What is required
Nothing but an exact copy of the listing should appear in the response.
╭─ Collected data
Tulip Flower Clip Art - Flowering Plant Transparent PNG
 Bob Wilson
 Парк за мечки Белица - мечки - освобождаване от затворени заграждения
╰─
Exercise solution
Tulip Flower Clip Art - Flowering Plant Transparent PNG
 Bob Wilson
 Парк за мечки Белица - мечки - освобождаване от затворени заграждения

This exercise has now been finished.